Le froid, l’humidité, les cafards, les punaises, la promiscuité sont ainsi généralement le lot des demandeurs d’asile logés en hôtel. Les centres d’accueil qui leur sont normalement réservés n’ayant de place que pour 30% d’entre eux, ceux qui peuvent vont chez des compatriotes ou des parents ; les autres(1) sont soit à la rue, soit logés dans des hôtels sans aucun contrôle des conditions d’hygiène et de vie qu’offrent les gérants. Ces derniers profitent d’un dispositif d’asile à bout de souffle, et en particulier d’un manque cruel de places, pour faire croître leur bénéfice : ils entassent les familles dans des chambres insalubres à l’atmosphère confinée et malsaine, ils réduisent le nombre de salles de bains, ils interdisent de cuisiner dans les chambres sachant que les banques alimentaires, seul recours de ces familles, offrent principalement des produits non cuisinés. Et cette solution d’hébergement censée être temporaire peut durer des mois, parfois même des années. Depuis neuf mois, Lakmal et sa famille doivent se contenter d’un lit double et le radiateur qu’ils avaient réussi à se procurer leur a été confisqué début février. Leur seule liberté est de quitter l’hôtel, mais pour aller où ? Comme des milliers d’autres, ils payent le prix fort du débordement du Samu social.
Le recours à l’hôtel, qui impose des déménagements permanents d’un coin à l’autre de l’Île-de-France, si ce n’est plus loin, mettait déjà les familles en difficulté pour accéder aux associations d’aide ou pour scolariser les enfants. Mais depuis quelques mois, cette situation est passée à un stade critique qui outrepasse les limites de la dignité humaine et qui met en danger la vie d’hommes, de femmes et d’enfants.
Au Centre Primo Levi, où 350 réfugiés victimes directement ou indirectement de violences politiques sont soignés chaque année, le bébé de Lakmal est loin d’être le seul à être suivi par un médecin pour des raisons de conditions d’hébergement et d’insécurité alimentaire. « De façon générale, témoigne le Dr. Afnaïm, ces conditions aggravent l’état de santé physique et psychique des adultes comme des enfants. Les pathologies respiratoires, en particulier, sont de plus en plus fréquentes chez les plus jeunes. »

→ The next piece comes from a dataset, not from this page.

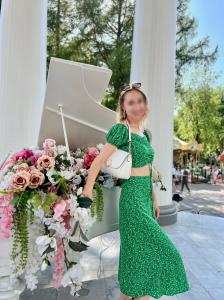 605076407: Chica busca chico en Málaga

Le sentiment d’impuissance et de frustration est croissant dans notre équipe comme dans celles de toutes les associations d’aide aux demandeurs d’asile, sur lesquelles s’appuie le gouvernement sans pour autant leur donner les moyens d’apporter des solutions. Les travailleurs sociaux, mais aussi les psychothérapeutes (car il va sans dire que dans ces conditions, leur travail est également mis à mal), et de même tous ceux qui tentent d’apporter leur pierre à l’édifice, sont à bout de forces.
Nous exhortons donc le gouvernement à ce que les efforts annoncés en faveur des plus démunis, et en particulier le plan triennal présenté par la ministre du logement le 3 février dernier, soient suivis d’effet le plus tôt possible pour apporter un regard humain à sa politique de « gestion des flux » et mettre un terme à ce qui commence à représenter une réelle crise humanitaire.
*Les noms de la famille ont été modifiés.
(1) A notre connaissance, il n’existe pas de chiffres sur les conditions de logement des demandeurs d’asile hors CADA (centres d’accueil pour demandeurs d’asile).